As a pass blocker, he has good quickness at the snap and a solid kick slide to get into his set. He plays with balance, improved half man technique and uses his length to punch rushers and force them up the arc. He has solid lateral agility to slide to meet inside rushers and keep them at bay and has solid use of hands to counter what the defender throws at him. On quick sets he uses hand placement and strength to stalemate at the line of scrimmage. He showed good mental processing handling stunts and looks to help teammates when uncovered. They didn’t run many screens but he looked solid on the few opportunities.
At Texas A&M, he gets a good push to the inside and smoothly picking up the twist to the outside.
Vs Louisville, it’s a quick set with good timing with his punch at the LOS and shows good feet to slide with rusher before getting knocked off the block by a teammate.
As a run blocker, he has good quickness at the snap and can generate movement on down and double team blocks. With one on one base blocks he is consistently able to stalemate with opponents with his size and length. He has good agility used not only on short pulls to the inside but all the way across the formation on outside runs to the right and good execution of hinge blocks on the backside of runs. He displays good timing and execution on combo blocks to get a good push before moving to the second level and swallowing up linebackers.
Vs LSU, here is an example of him showing his agility and athleticism pulling to lead on the outside across the formation.
At Texas A&M, he shows light feet to fold inside and lead through the middle taking out the linebacker to open a big lane.
At Texas A&M, he gets a good push to the inside before climbing to the second level to handle the linebacker.
Vs Ole Miss, he uses good leverage and hand placement and to drive the defender back to the goal line.
Speed rushers gave him some trouble especially earlier in the year forcing him to sacrifice technique to try to mirror the pass rusher’s depth.

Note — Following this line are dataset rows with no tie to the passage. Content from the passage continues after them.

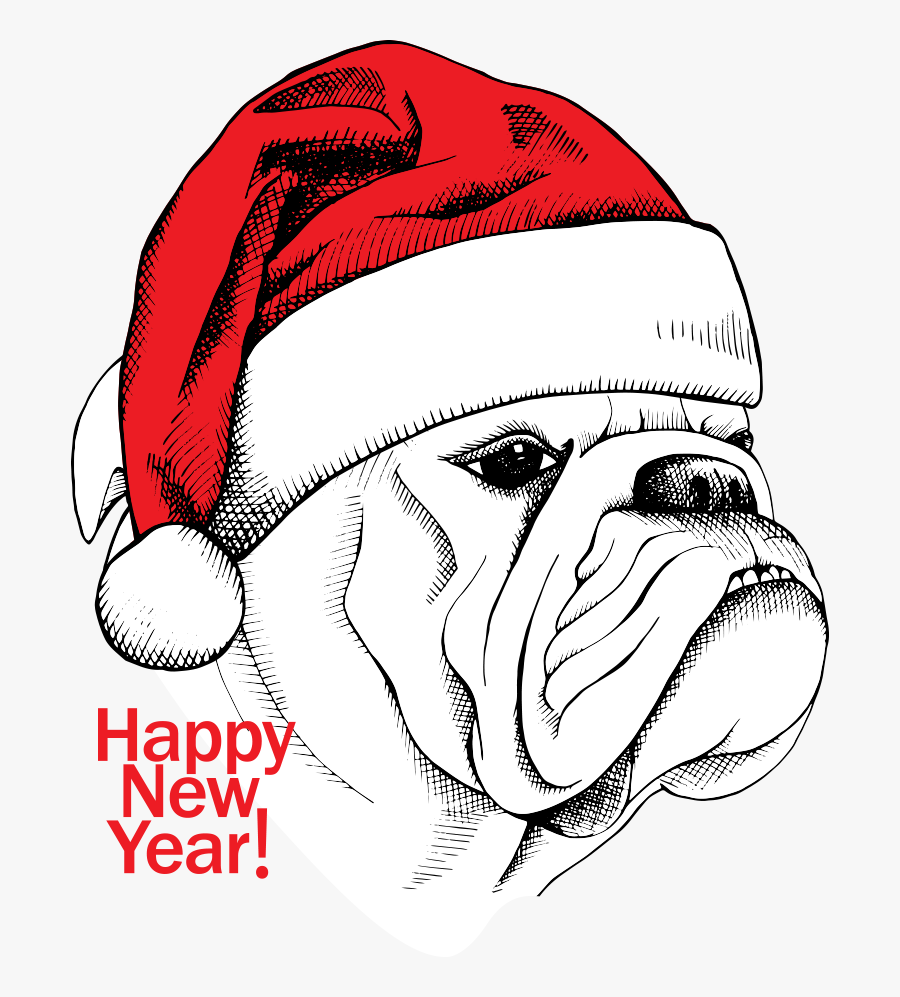 Transparent Bulldog Face Png - Bulldog Drawing With Crown, Transparent Clipart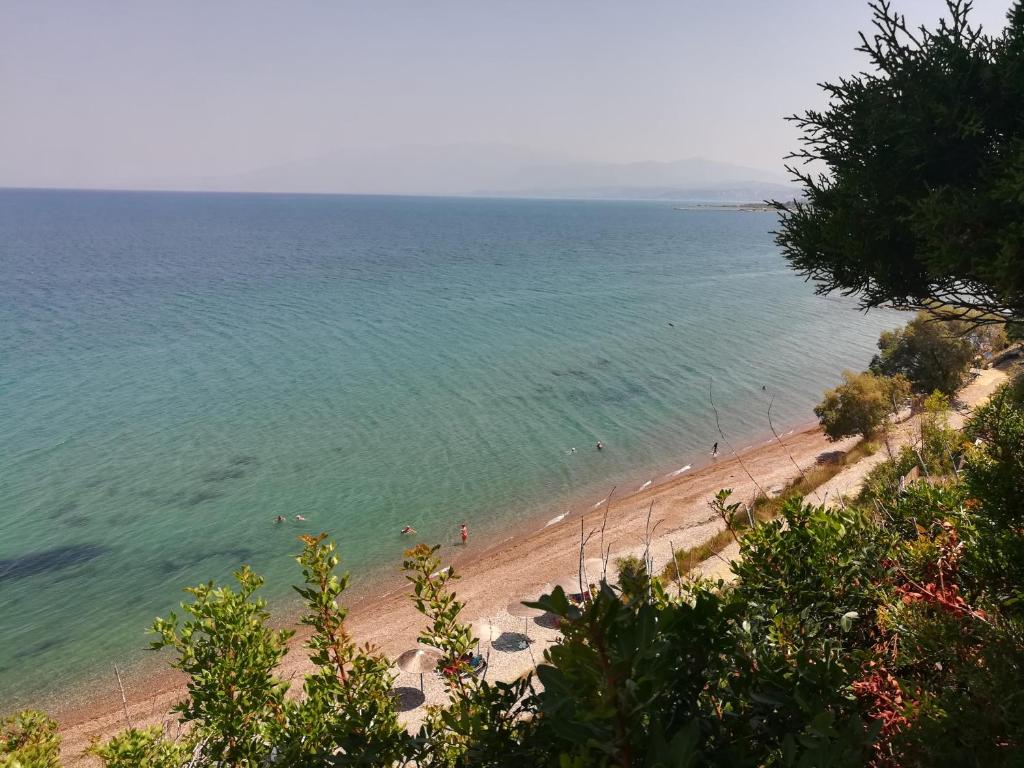 a view of a beach with people in the water at Koralli Sea View Hotel in Kato Achaia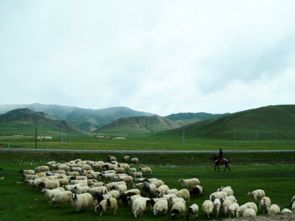 湖北青海旅游团,湖北青海旅游团电话 湖北青海旅游团,湖北青海旅游团电话
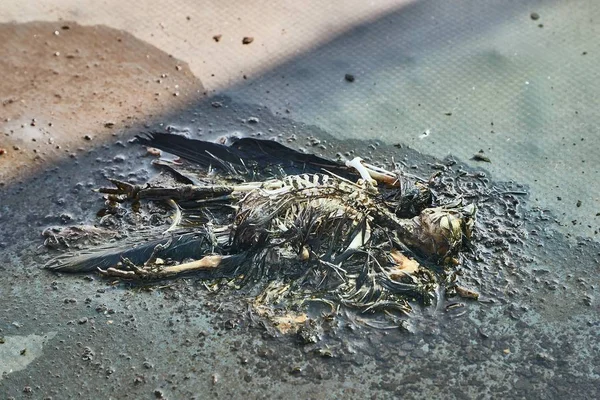 Død fugl krop nedbrydes - Stock-foto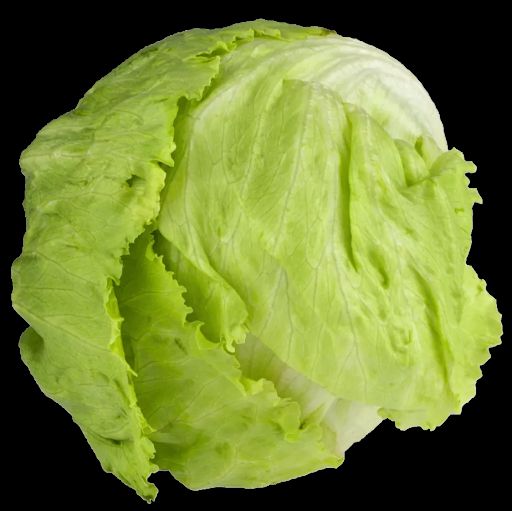 Lettuces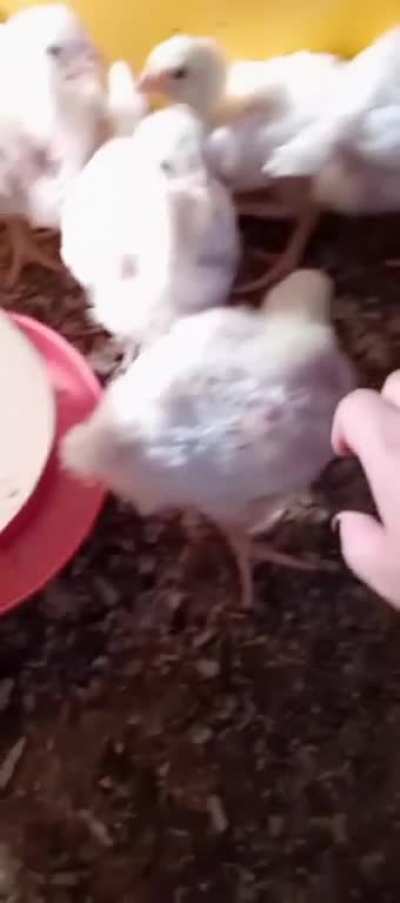 Was being rude to a friends chickens and my mic peaked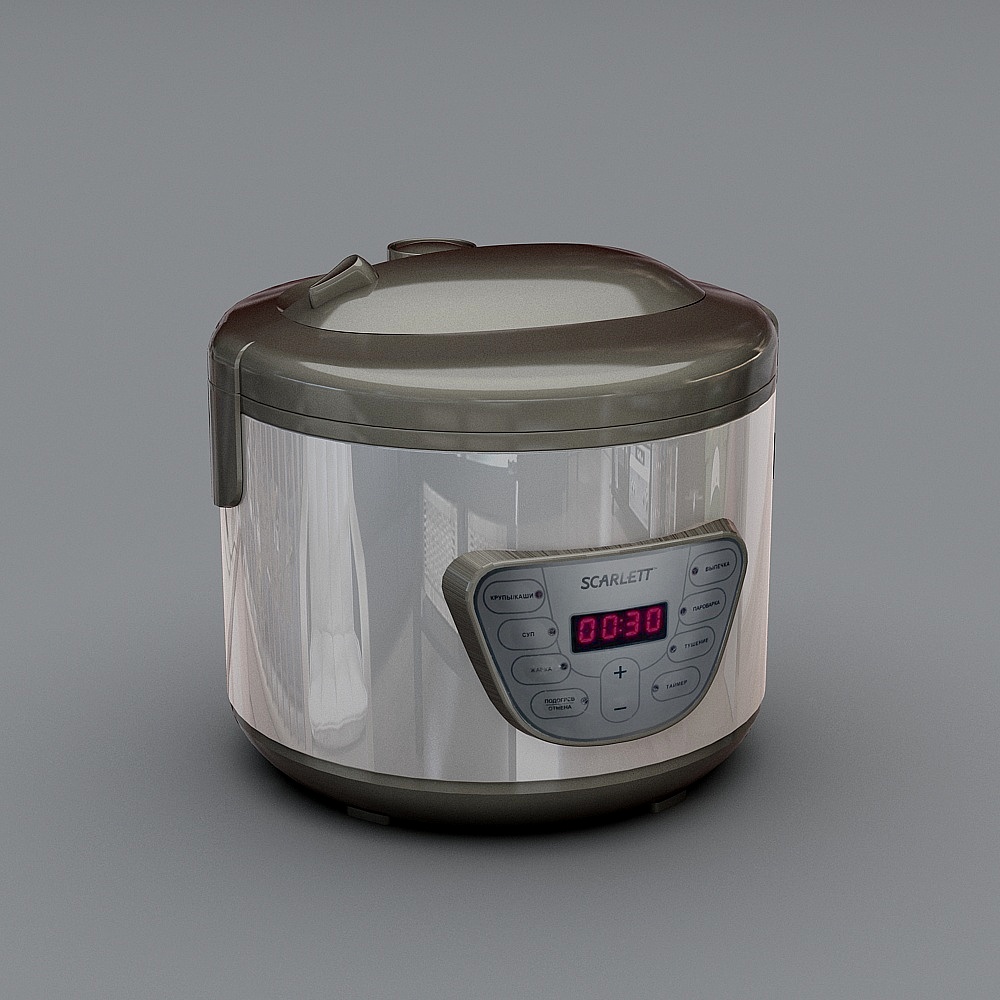 Pressure cooker autoclave
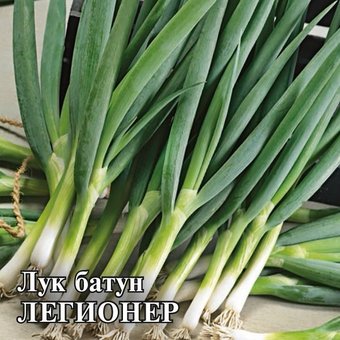Лук батун Легионер Гавриш Ц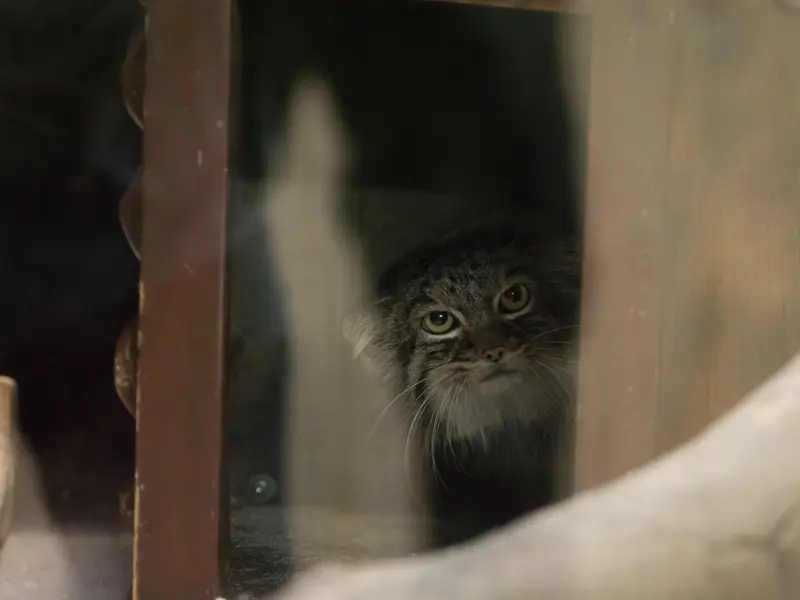 A photograph of Shafran in Ueno Zoological Gardens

In his pass set he plays a bit high and will allow himself to be driven back on speed to bull rushes. On run and pass blocks he seems to be content with just stalemating and doesn’t play to the whistle or with the aggressiveness you’d like to see in your linemen. I would recommend he play in an outside Zone scheme not showing the lateral quickness to execute reach blocks. His change of direction is marginal and quick defenders can sidestep him on space blocks.
Vs LSU, he will face a bull rush and get driven back to the QB.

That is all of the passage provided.